When a player spends points on Fame, ask them what the fame is for. “You have Fame 3 — what are you known for?” The answer shapes how NPCs react and what kind of attention the character attracts. Fame without a reason is just a number. Fame with a story behind it is a tool you can use in every session.
Award fame points when a character does something that the world would notice. This is free — no XP cost, no negotiation. The character did something visible, and the world responded by paying attention.
Gerald pulls the magistrate’s daughter from a burning building in full view of a market crowd. Next session, strangers recognize him. You award a fame point. Gerald did not ask for it. The crowd made the decision for him.
Tilly’s wanted posters appear across two districts after a botched heist. You award a fame point. It is not the kind of fame Tilly wanted, but fame does not care about preference. The posters are up. People are looking.
Fame changes are narrative beats, not transactions. Announce them at the moment they make sense — when the crowd cheers, when the posters go up, when the bard starts singing about what happened last Tuesday. The player should feel the world shifting around their character, not receive a line item on a ledger.
You control the world. You do not control the characters in it. That line is absolute.
You create settings, introduce NPCs, present situations, and describe consequences. The players decide how their characters respond. Always. Even when the response is strategically terrible, emotionally irrational, or certain to make things worse.
You can say: “The corridor is on fire. The heat is unbearable. The exit is behind you.”
You cannot say: “Your character turns and runs.”
The player might say: “I walk through the fire.”
That is their call. You describe what happens to someone who walks through fire. They chose it.
Present consequences. Present temptations. Present pressure. A powerful NPC offers a deal that is clearly a trap but solves the immediate crisis. A beloved ally asks the character to do something that conflicts with their values. The building is collapsing and there is only time to save one person.
These are all your tools. The one tool you do not have is the player’s choice. A character can stand and fight when running is smarter. A character can refuse a deal when accepting is safer. A character can walk into the fire. Your job is to make the choice meaningful, not to make it for them.
Every decision the players make lands somewhere. Your job is to figure out where and let them see it later.
Consequences are not punishments. They are the world continuing to exist after the players acted on it. A punishment is the GM retaliating. A consequence is the GM remembering.
Session three: Tilly steals a purse of coins from a food cart vendor in the Trades Ward. Quick hands, clean getaway. The table moves on.
Session five: The party passes the Southgate Orphanage. A familiar face sits outside — the food cart vendor, thinner than before, asking strangers for coin. The cart is gone.
You did not punish Tilly.

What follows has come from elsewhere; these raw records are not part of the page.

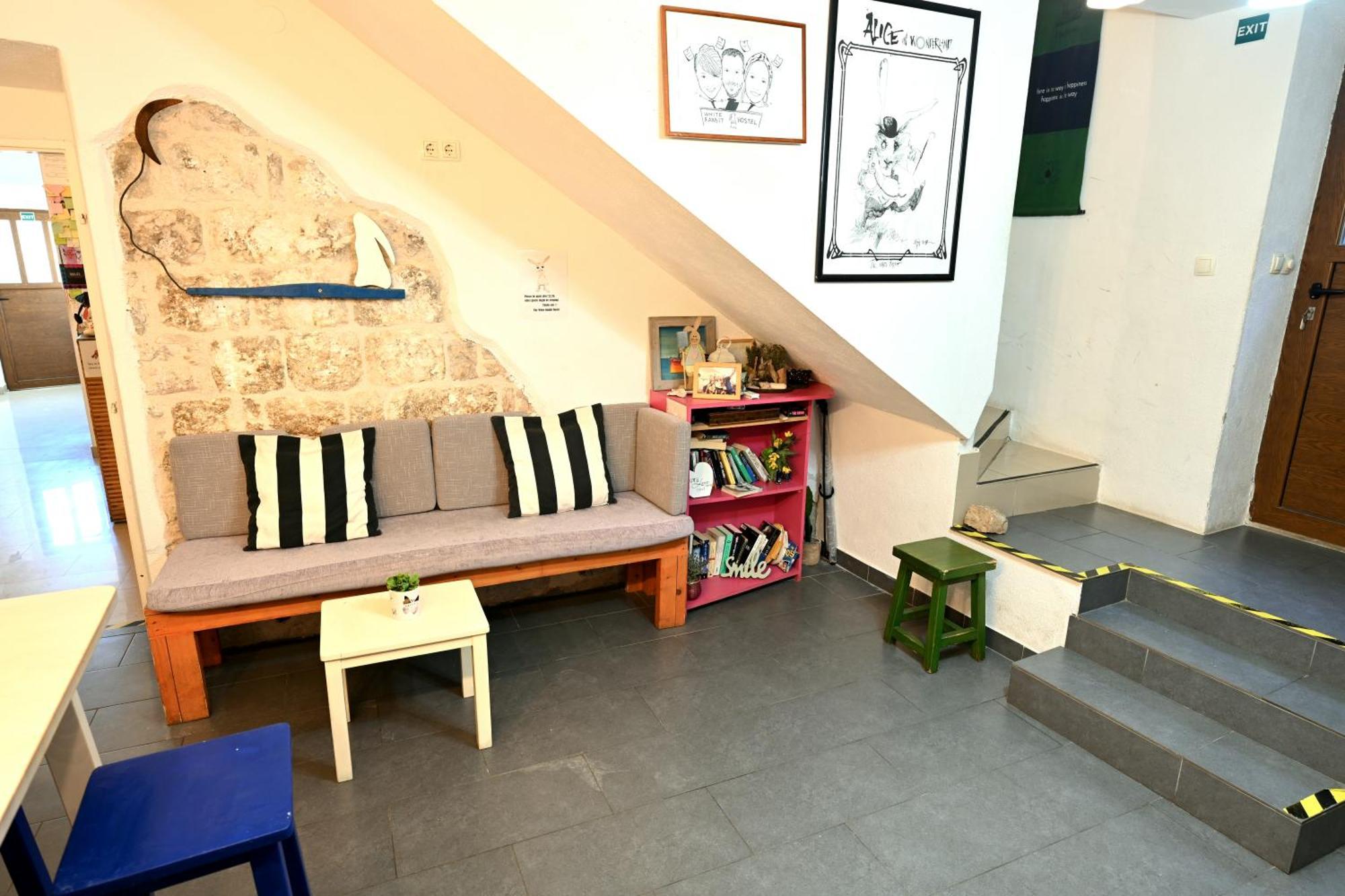 Bed in 6-Bed Mixed Dormitory Room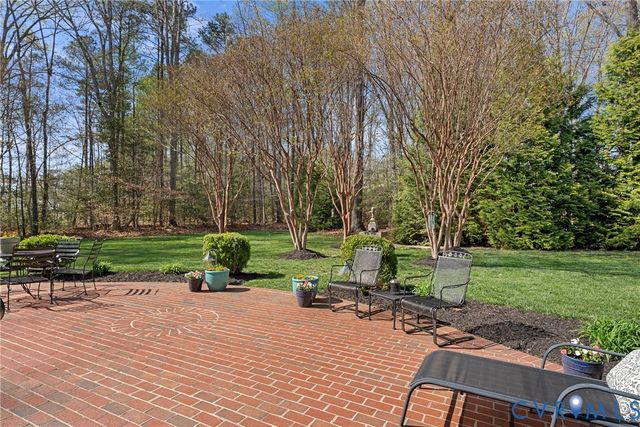 8000 Toms Dr, Mechanicsville, VA 23116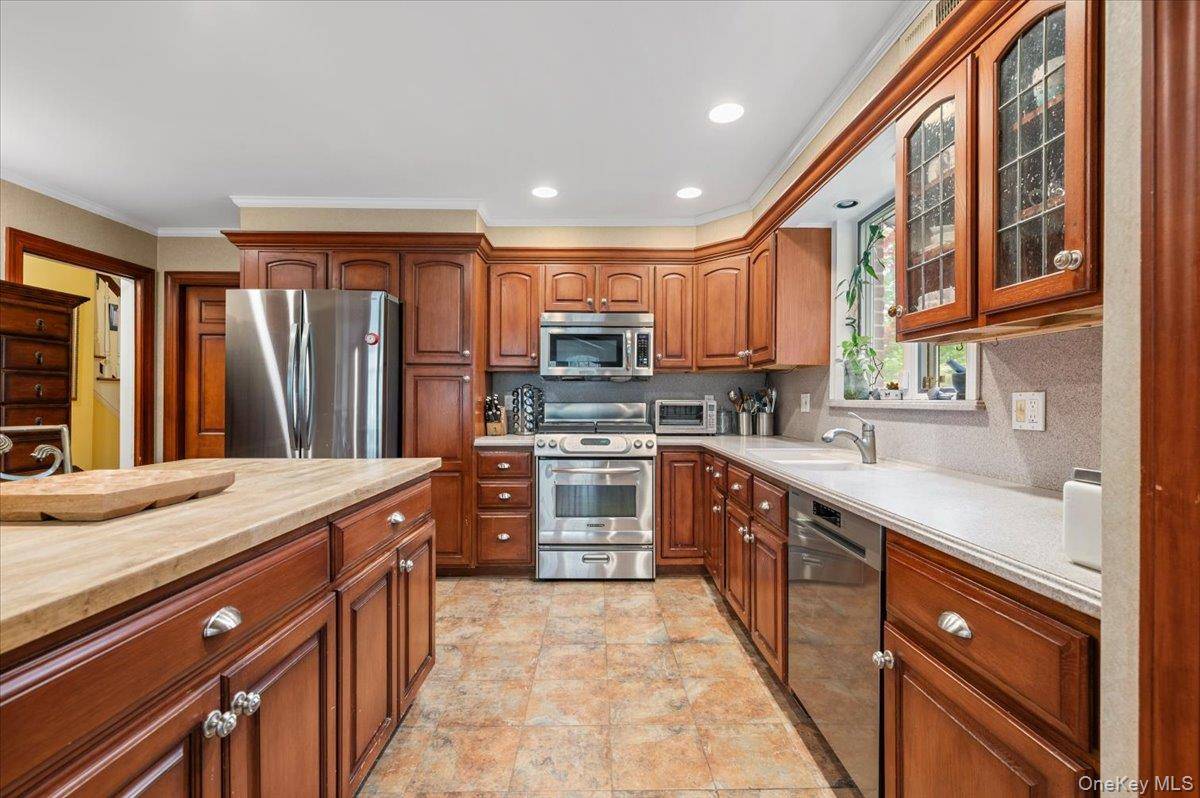 Casa de 3 Dormitorios en Venta en North Baldwin - Nueva York - EE. UU. - 8
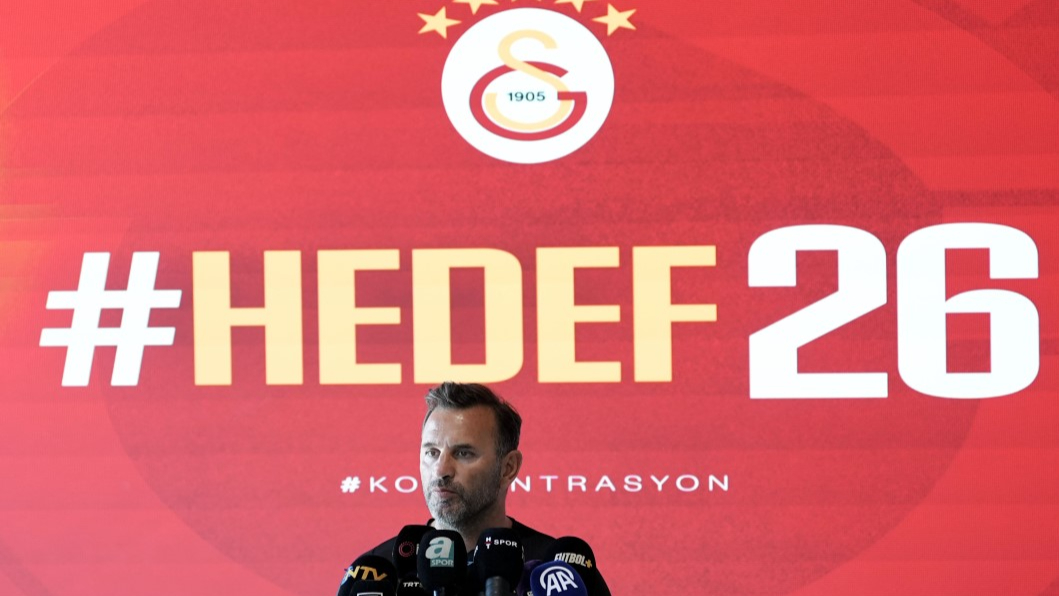 Okan Buruk: "Umarım Osimhen transferi kısa sürede biter"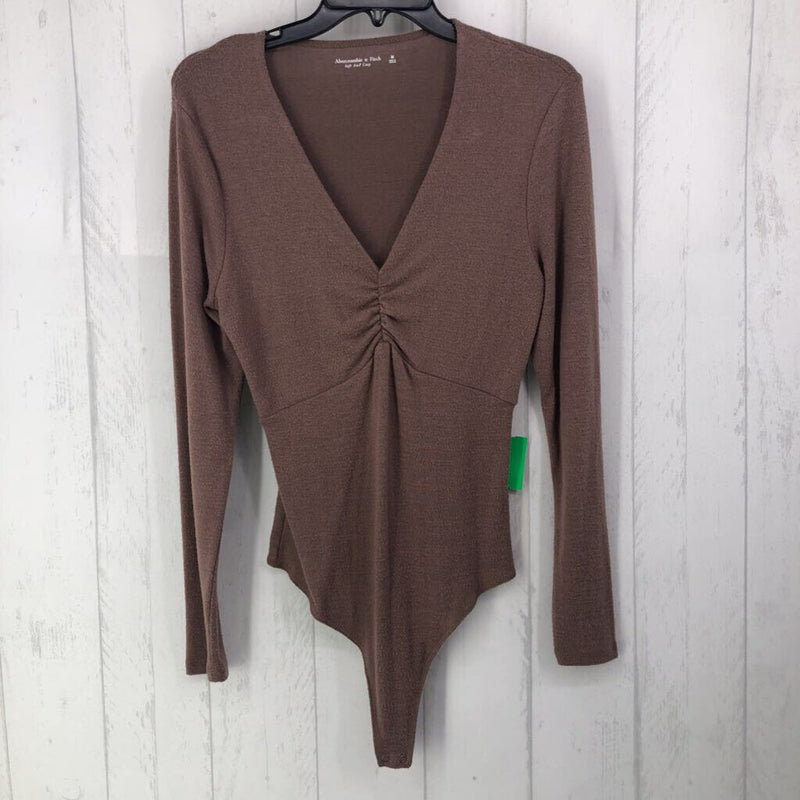 M Gathered v-neck l/s bodysuit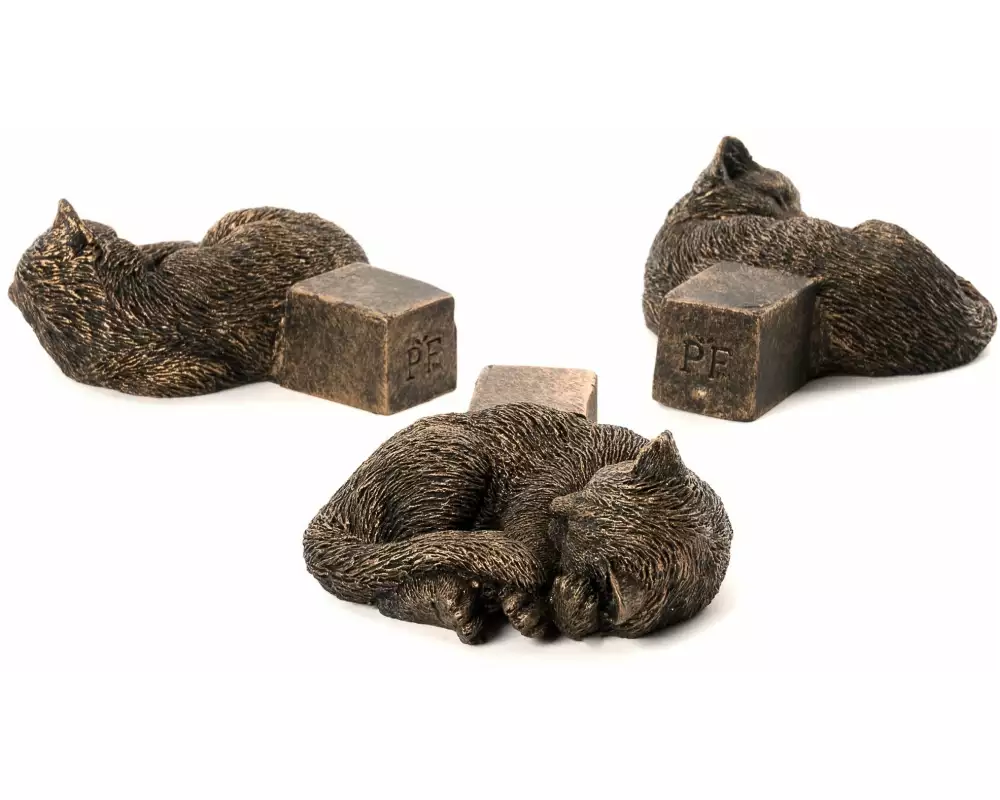 Jardinopia Pflanzentopffüsse Potty Feet Schlafende Katze, 3er Set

You did not lecture. You showed the party a world that kept turning after they left the scene. What happens next is their choice.
Track what the players do. Write it down — a line or two per session is enough. Not every action needs a ripple, but the ones that matter should echo. The merchant they helped remembers. The guard they humiliated remembers. The district they saved throws a festival. The district they ignored does not.
The best campaigns feel like the world has a memory. Not because you scripted every outcome, but because you asked a simple question after each session: “What would logically happen next because of what the players did?”
The Player Guide tells players that their descriptions drive the game. This is the other half of that promise. Their descriptions matter because you make the world respond to them.